A New Addition to the CCC Literature Pyramid
In my mind’s eye, the canon of Civilian Conservation Corps literature is arrayed in the shape of a pyramid with the broad-based scholarly treatments forming the base and the more detailed individual accounts of the work of the CCC stacking up to create the successive levels of the pyramid until it rises to a single representative personal narrative. I suspect that if each of us has our own “CCC Literature Pyramid” then each is slightly different, but for me the base is formed by John Salmond’s The Civilian Conservation Corps and Neil Maher’s Nature’s New Deal and the rising layers formed by Perry Merrill’s Roosevelt’s Forest Army, Kathy Mays-Smith’s Gold Medal CCC Company, and so forth, rising upward to that single account that epitomizes the CCC story.
If you’ve stuck with me thus far, I thank you, because I do have a point. First, I want to get the notion of the CCC canon of literature and the pyramid concept out there for consideration. Second, the fact that a book about the CCC at Grand Canyon occupies the pinnacle of my CCC Literature Pyramid makes the most recently released CCC history offering all the more exciting and interesting because we now have a broad based history of the work of the CCC at Grand Canyon National Park thanks to retired National Park Service Ranger Robert Audretsch.

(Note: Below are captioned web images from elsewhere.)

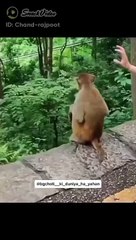 5255287924081122134_play.mp4_logo_PK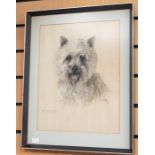 Mabel Gear (1898-1987) Killie - portrait of a Cairn Terrier  oil pastel signed and titled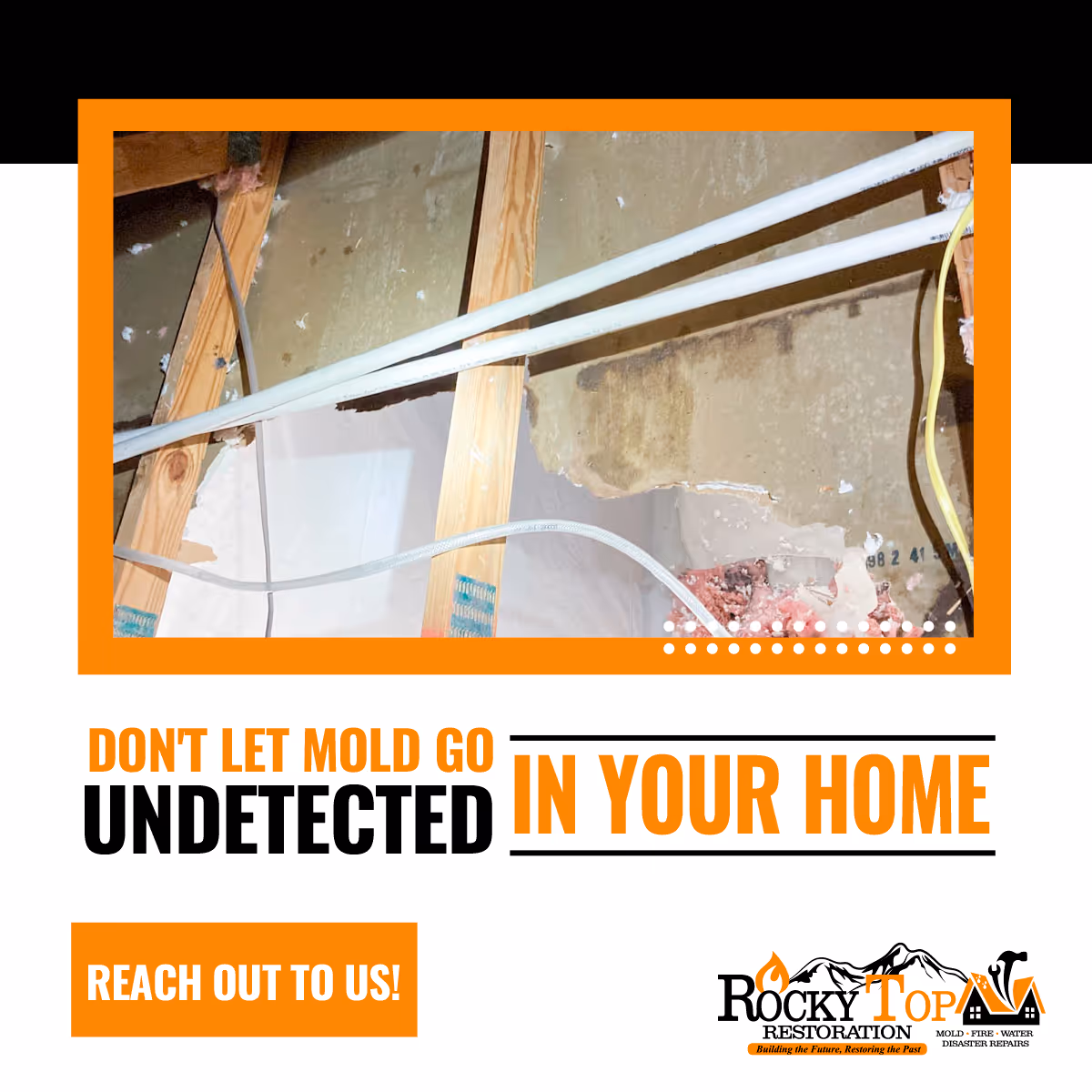 Mold Growth: Causes, Risks, and Remediation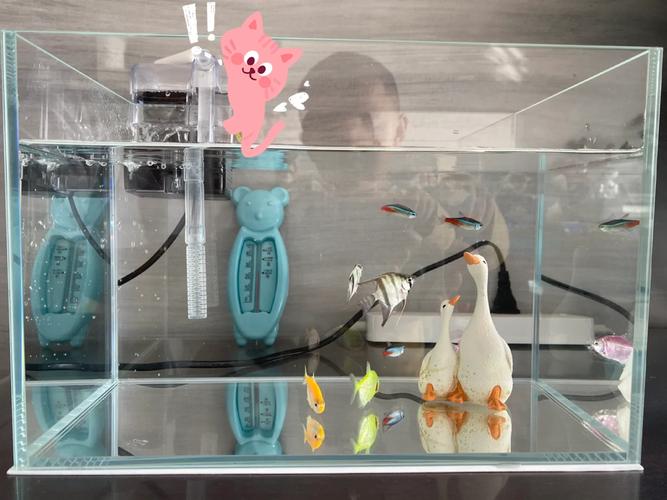 鱼缸内壁白色污渍怎么处理，鱼缸水垢怎么处理，鱼缸水垢清理方法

Shaping the Park and Saving the Boys will become one of those building blocks in the CCC literature pyramid that serves to strengthen the larger canon of knowledge while also providing an important focus on CCC work at a specific location – and what location could be more noteworthy than Grand Canyon National Park?
Robert Audretsch has uncovered some new mysteries even as he shines a light on previously unknown facts about the CCC and its work at Grand Canyon. While touching on aspects of the CCC that are well known and widely covered by previous authors and historians, Audretsch also delves deeply into the details of project work at one of the crown jewels in the National Park system. Shaping the Park and Saving the Boys has a useful combination of scholarly research and popular writing style that make it a book to read for pleasure and retain for research. Granted, some readers may lament the inclusion of so much data from the routine camp inspection reports and similar government documents, but those of us who’ve spent any time at all researching or even thinking about the CCC, know that in many instances, these government reports are all that remain to connect us to the hard, valuable work done nearly eight decades ago. Where else is an author to turn when the boys who performed the work are leaving us at an ever increasing rate? (Bear in mind that CCC enrollees were, on average, older than their younger draftee and enlistee comrades who served in the war that ultimately killed the CCC.)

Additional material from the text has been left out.